Yes. There is precedent for doing so, but the House and Senate have the power to determine whether they have jurisdiction to impeach. The House impeached Secretary of War William Belknap after his resignation and the Senate expressly rejected the claim that it lacked jurisdiction to conduct an impeachment trial of an officer who had already resigned.
In addition, the Constitution provides that the Senate may impose an additional penalty besides removal from office: the disqualification of an officer from holding future office. (Art. 1, sec 3). The fact that the Constitution provides for a form of punishment beyond removal from office suggests that the House and Senate should be able to assert jurisdiction to impeach and convict former officers.

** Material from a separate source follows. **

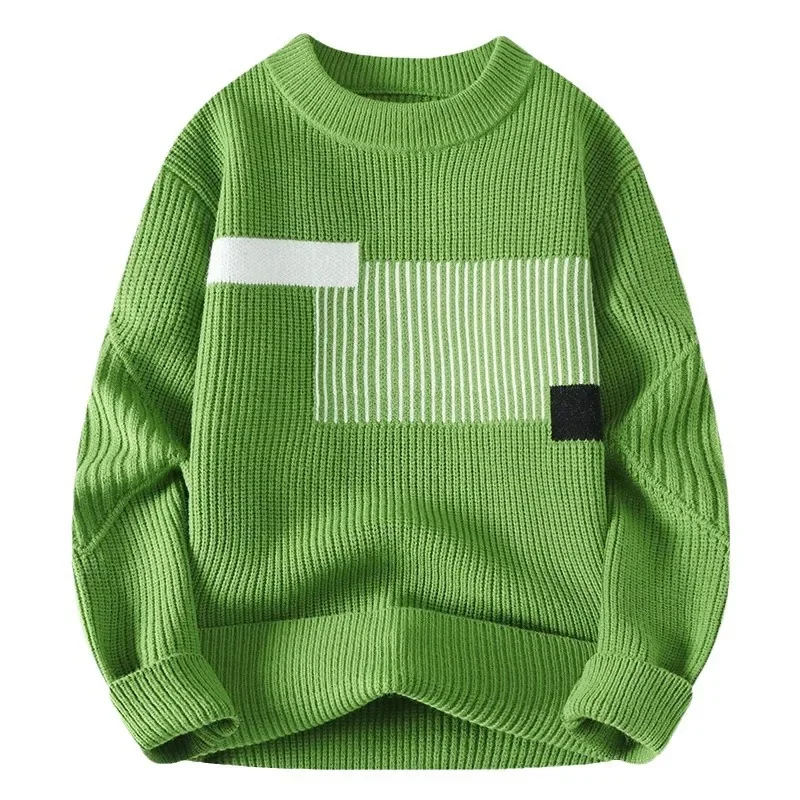 

Men Pullovers O Neck Long Sleeve Flat Knitted Sweater Jumpers Striped High Street Sweaters Loose Winter 2024 Slight Strech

Consequences of Impeachment
What consequences does an officer face if he or she is convicted on articles of impeachment?
Conviction on any article of impeachment results in an officer’s removal from office. The Senate may, by majority vote, impose an additional punishment if it so chooses: disqualification from holding “any office of honor, trust or profit under the United States.” (Art. I, sec 3). The Senate has only imposed this punishment three times in its history, though it should be said that conviction and removal from office was sufficient to end the public careers of other individuals who were impeached.
The Constitution specifically provides that conviction shall have no bearing on separate criminal proceedings: “a party convicted shall nevertheless be liable and subject to indictment, trial, judgment and punishment, according to law.” (Art. I, sec 3).
A president who is removed from office after conviction on articles of impeachment may lose benefits provided to former presidents under the Former Presidents Act. It is not clear whether these benefits would be forfeited by a president who was convicted on articles of impeachment after leaving office; however, Congress could in theory amend the Former Presidents Act to prevent ex-presidents from receiving benefits if they are convicted on any article of impeachment.
Basis for Impeachment
Under the constitution does impeachment require a statutory violation?
A President may be impeached and removed for conduct that is not a violation of criminal law. This was the clear intent of the framers of the Constitution and has been Congress’s regular practice in the years since; the House’s own analysis of the articles of impeachment it has adopted over the years indicates that “[l]ess than one-third of all the articles the House has adopted have explicitly charged the violation of a criminal statute or used the word ‘criminal’ or ‘crime’ to describe the conduct alleged.”
What is the basis for the current impeachment of President Trump?
Since losing the 2020 presidential election in November, President Trump has engaged in a pattern of conduct designed to cast doubt on the result of the election and undermine confidence in the institutions of American democracy. This pattern of conduct culminated, on January 6, 2021, when a mob that assembled in support of the President’s baseless claims of election fraud, violently stormed the Capitol at President Trump’s behest in order to stop Congress’s counting and certification of the electoral votes as required by the Twelfth Amendment.
Members of the House of Representatives introduced a single article of impeachment on Monday, January 11, 2021, charging President Trump with the high crime of “inciting an insurrection.” The article explicitly refers to the President’s actions prior to the assault on the Capitol as part of the reason for his impeachment: President Trump’s pattern of conduct since the election, including his January 2, 2021 call to Georgia Secretary of State Brad Raffensperger demanding he “find” enough votes to overturn the election in Georgia, “gravely imperiled the security of the United States … threatened the integrity of the democratic system, interfered with the peaceful transfer of power, and imperiled a coequal branch of government.”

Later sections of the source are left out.